What really seems to have enthralled audiences is the way that Big Husband reflects China’s generational fissures and gender gaps – mapping a fast-changing society. For example, Ouyang’s daughter (from his first marriage) is spoiled and used to getting what she wants from her doting dad. Initially she objects to her father’s new marriage but when she is promised a BMW she changes her mind and even starts lobbying Xiaojun’s parents for their blessing.

Only 10 years younger than her new stepmother, she calls Xiaojun her “little mother sister”. Likewise she’s no pushover when it comes to man-management (she bullies her boyfriend and orders him around like a slave).

Time Weekly points out that Big Husband has tapped into a very real marital phenomenon in terms of the widening age gap between China’s married couples. That’s because divorces have been on the rise, and older men tend to marry younger women if they marry again. A survey in Nanjing found that 18.1% of wedded couples now have an age gap of 6-10 years and 4.6% had a gap exceeding 10 years. The figures from the 1990s were 7.9% and 0.47% respectively.

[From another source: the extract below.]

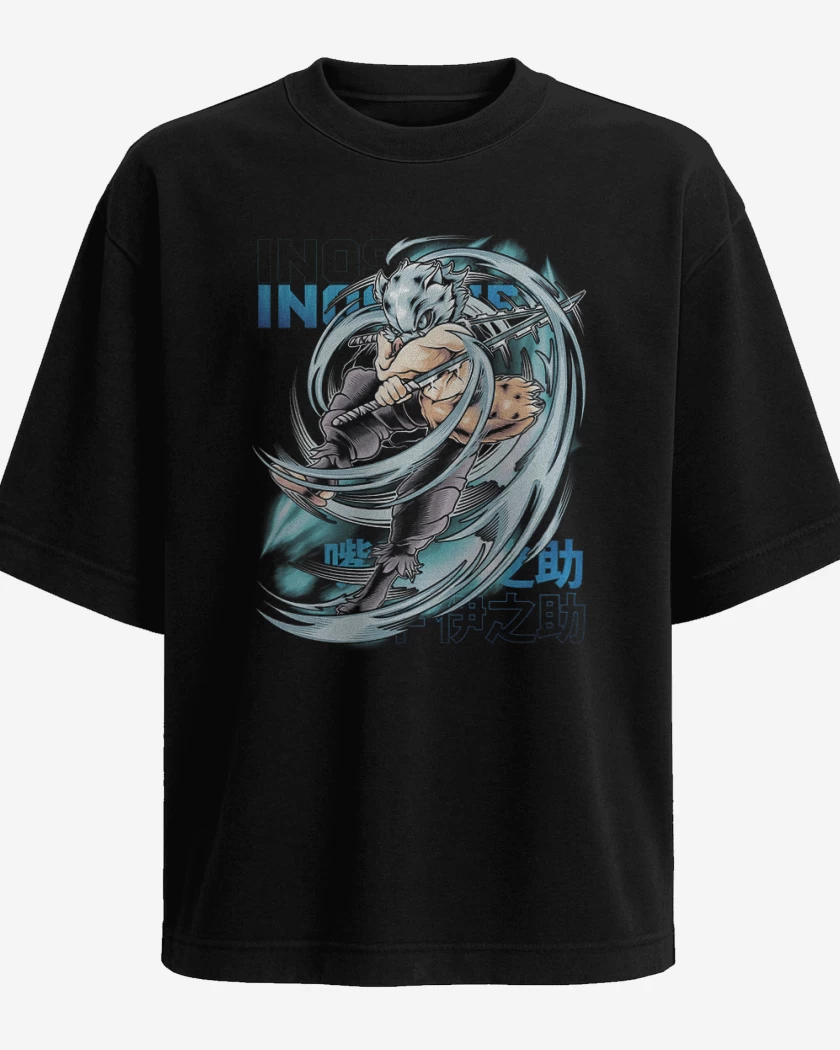 Polera Oversize Inosuke hashibira bestia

Similarly, a Shenzhen survey of 100 divorcees showed that 80% of men remarry, whereas just 5.4% of women do (a ratio that explains some of the dialogue in the movie Old Cinderella, see WiC230).

The average age gap between spouses is said to be rising by 0.6 years annually, as older men pick more youthful brides. Indeed, just look at the Red Star column this week, where speculation is rife about whether an online shopping tycoon is romantically involved with a girl 19 years younger than him.

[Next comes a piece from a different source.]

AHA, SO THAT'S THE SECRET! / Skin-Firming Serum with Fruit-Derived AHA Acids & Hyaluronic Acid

Inevitably, whether such age gaps matter is one of the themes debated in Big Husband. Xiaojun’s father thinks they do, pointedly telling her she’ll have no one to keep her company when she is a senior citizen because her husband will be dead.

Netizens feedback on the show have been effusive. One fan said it is worth “watching again and again, to experience the emotion of the characters”, while another referred to its addictive quality (“I need to control myself to watch only one episode per day”).

That’s all good news for the producer of the series New Classics Media, which hopes to IPO in Shanghai this year. (Its other TV hits include Hot Momsee WiC211 – as well as Beijing Love Story, and Zhang Yimou’s film The Love of the Hawthorn Tree.) The studio has an estimated value of Rmb3 billion ($482.85 million).

Nor is it any surprise that fans are begging for more. They might get it too, given the way the last episode ends. It sees Ouyang pushing for a divorce because he doesn’t think the age gap problem can be fixed. But when the couple reach the government’s divorce office, Xiaojun refuses to play ball, quoting the writer Lu Xun: “Only the true warrior dares to face the bleak life”. Then she tells him she’s pregnant; at which point he says he has been a coward and kneels down to win her forgiveness. They go home together as man and wife – which surely means that a second season of Big Husband will soon be on its way.